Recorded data
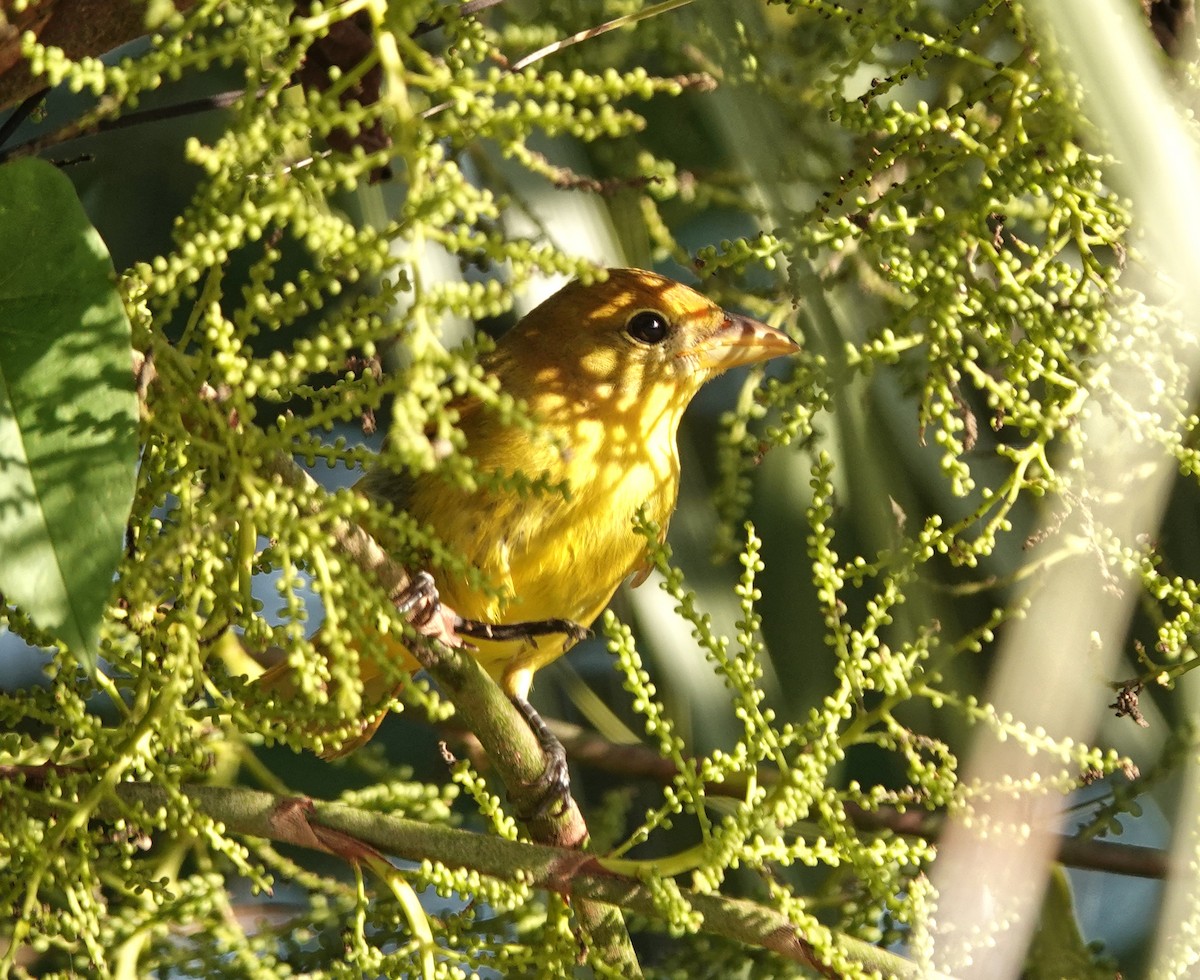 Sommerkardinal - ML649888308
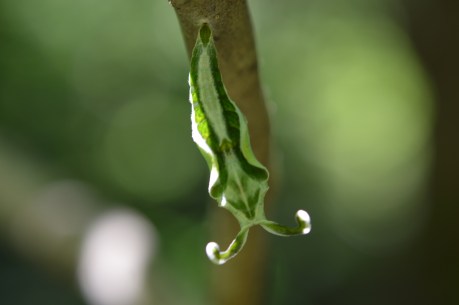 PV16 06-04-2016 NIKON (4017)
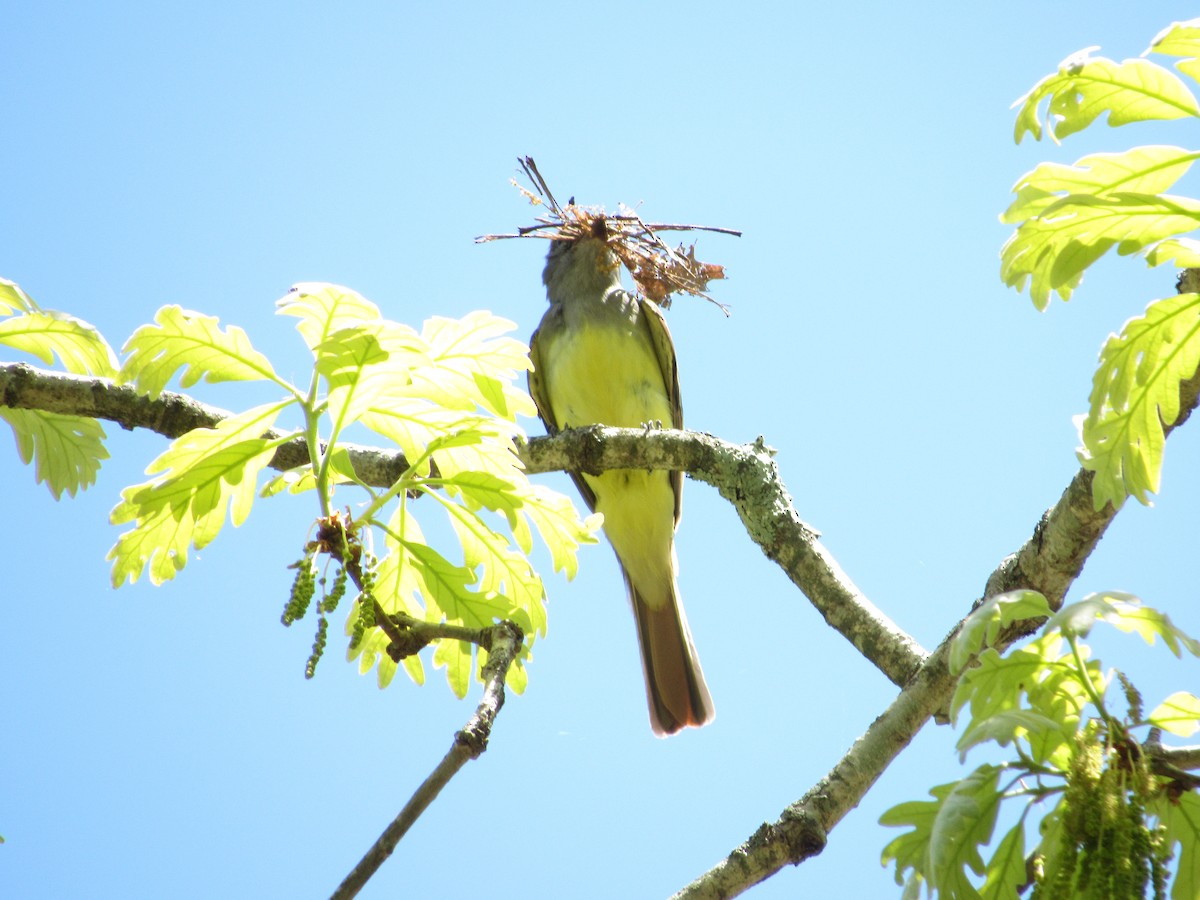 Great Crested Flycatcher - Brian Saville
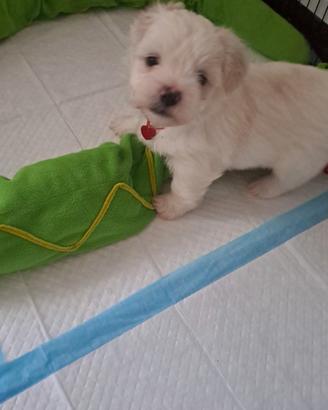 Cani maltese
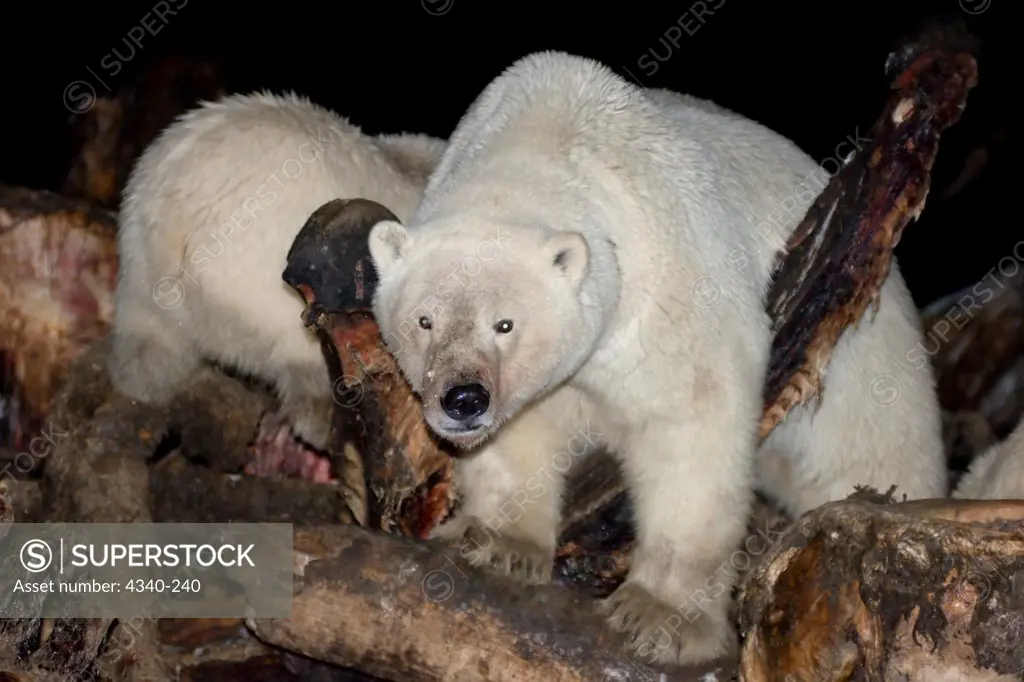 Polar Bears Feeding on Bowhead Whale Carcass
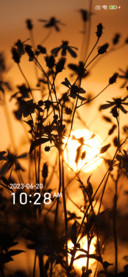 Setting sun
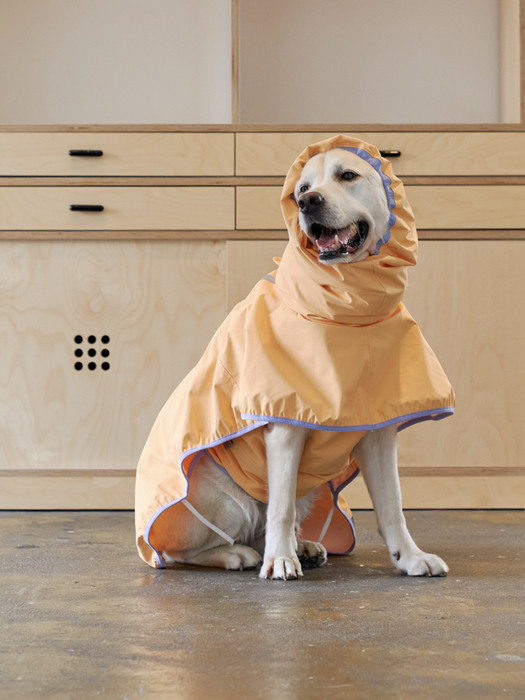 Apple Mango Rain Coat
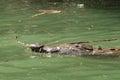 Head of a crocodile swimming in the river of the Sumidero Canyon Canon del Sumidero, Chiapas, Mexico Royalty Free Stock Photo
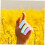 50pcs Cloth Finger Cots Thumb Protector Finger Protection Sleeves 7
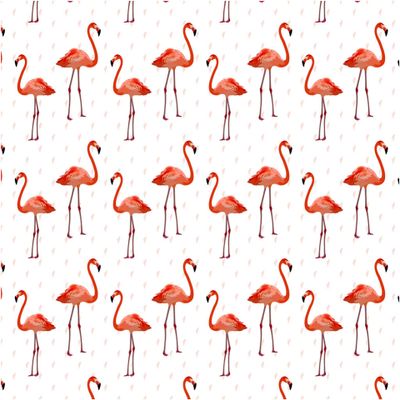 AIx5G AI和5G两者间究竟能碰撞出怎样的火花?听大咖为你解答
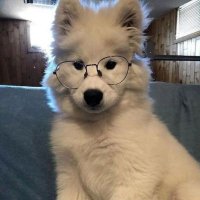 Pt||ヅ (@callme_pt_) 's Twitter Profile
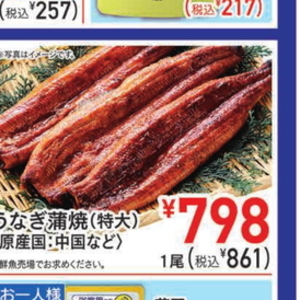 うなぎの蒲焼き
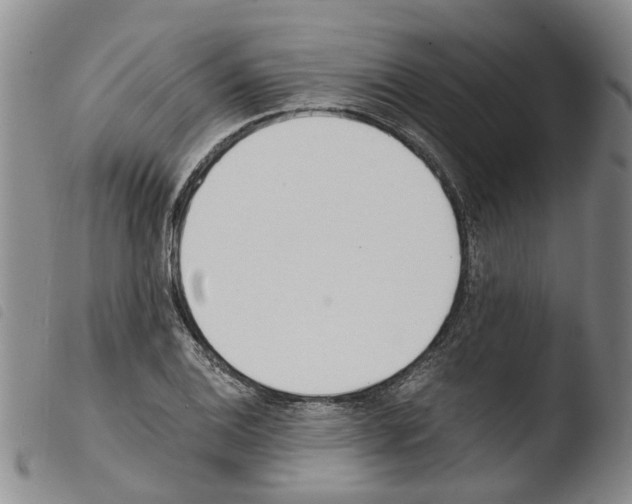 X0000103501124200810241118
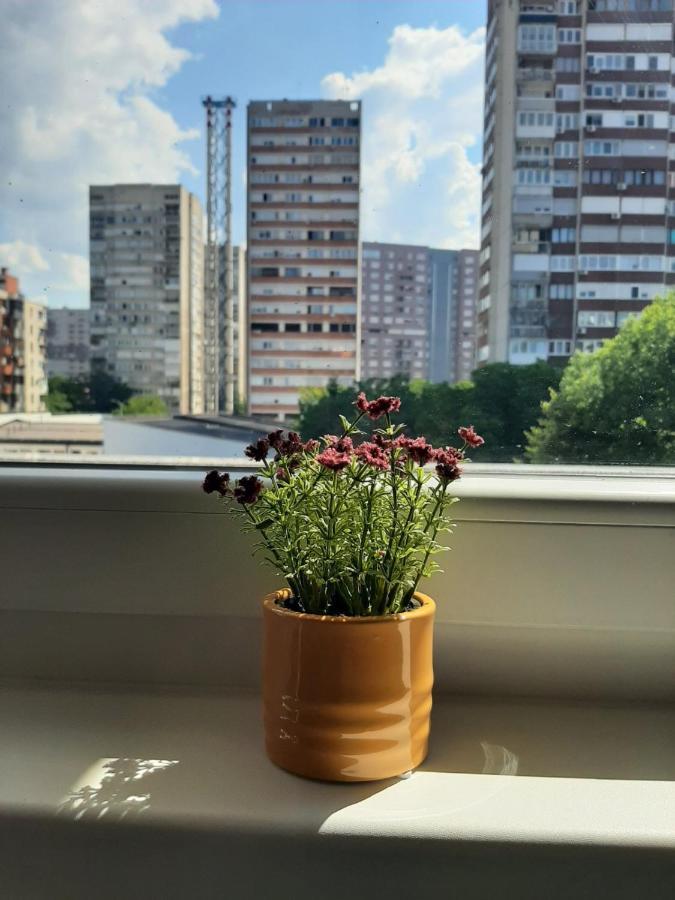 Appartement Amigi à SJJ Extérieur photo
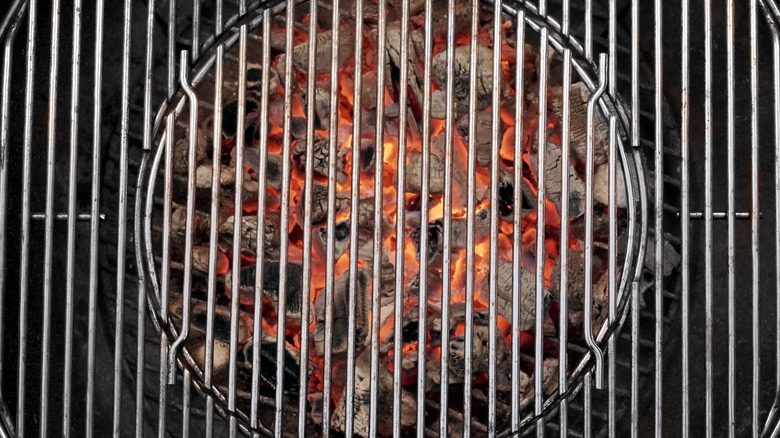 The Absolute Best Type Of Fish To Grill, According To An Expert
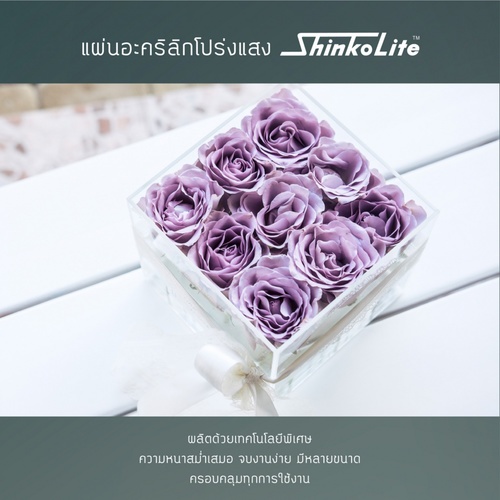 Gallery item 5
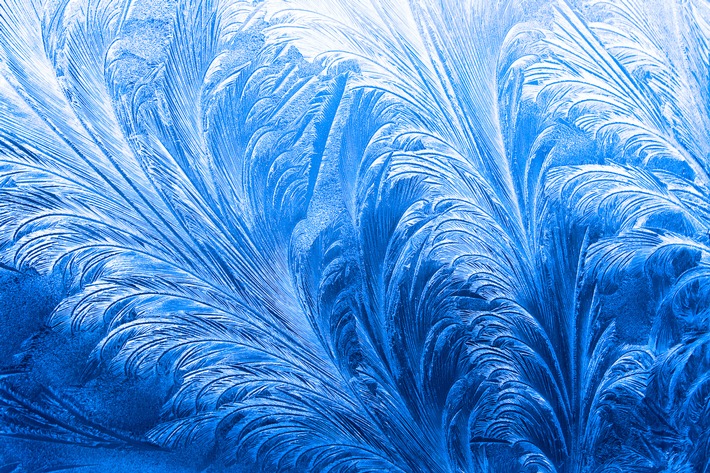Kunstwerke der Kälte: Eisblumen / So entstehen die filigranen Muster auf den Fenterscheiben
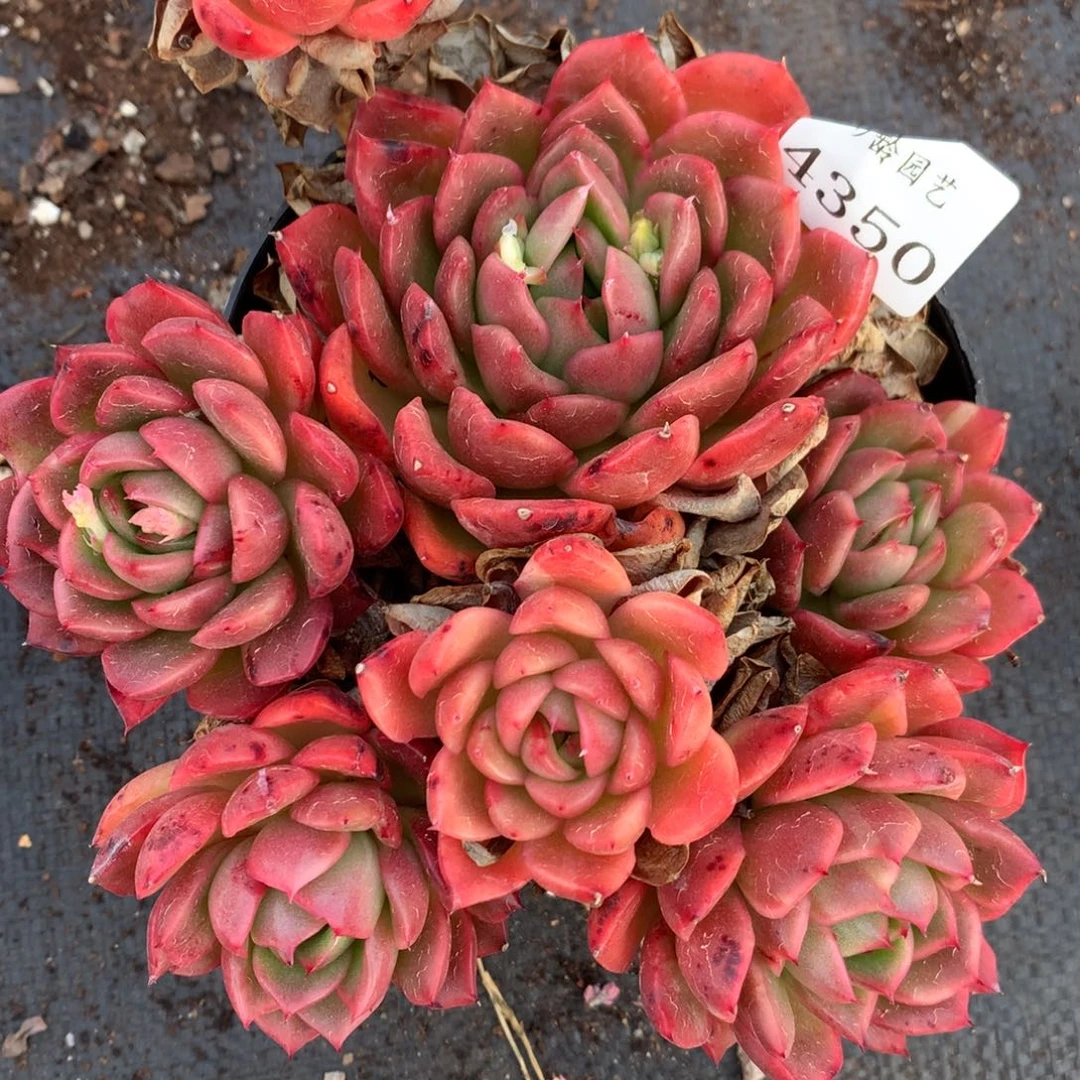 4350杂交多肉老桩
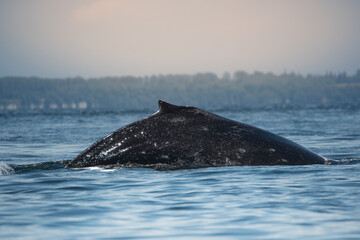 Humpback Whale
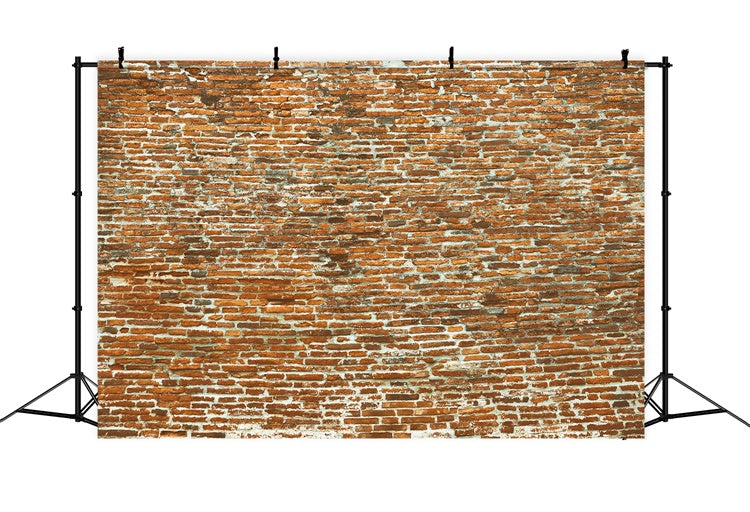 Brick Wall Photo Backdrop Old Curved Brick Surface Backdrop CJJ3-30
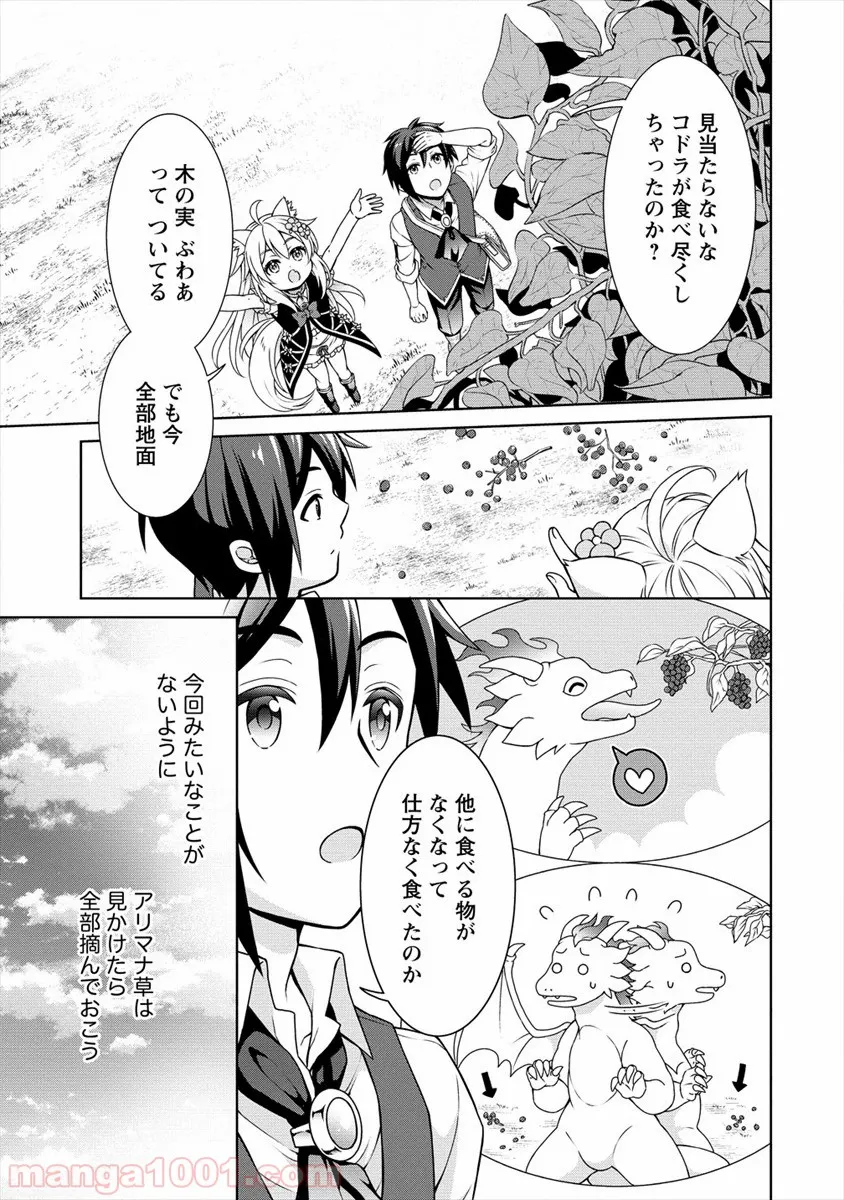 チート薬師のスローライフ ​異世界に作ろうドラッグストア 第18話 - Page 13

WHAT THE TASK REQUIRES
Output only the lines running from the one containing "Setting sun" to the end of the records, inclusive and exact; skip the pictures.

TASK RESULT
 Setting sun
 Apple Mango Rain Coat
 Head of a crocodile swimming in the river of the Sumidero Canyon Canon del Sumidero, Chiapas, Mexico Royalty Free Stock Photo
 50pcs Cloth Finger Cots Thumb Protector Finger Protection Sleeves 7
 AIx5G AI和5G两者间究竟能碰撞出怎样的火花?听大咖为你解答
 Pt||ヅ (@callme_pt_) 's Twitter Profile
 うなぎの蒲焼き
 X0000103501124200810241118
 Appartement Amigi à SJJ Extérieur photo
 The Absolute Best Type Of Fish To Grill, According To An Expert
 Gallery item 5
Kunstwerke der Kälte: Eisblumen / So entstehen die filigranen Muster auf den Fenterscheiben
 4350杂交多肉老桩
 Humpback Whale
 Brick Wall Photo Backdrop Old Curved Brick Surface Backdrop CJJ3-30
 チート薬師のスローライフ ​異世界に作ろうドラッグストア 第18話 - Page 13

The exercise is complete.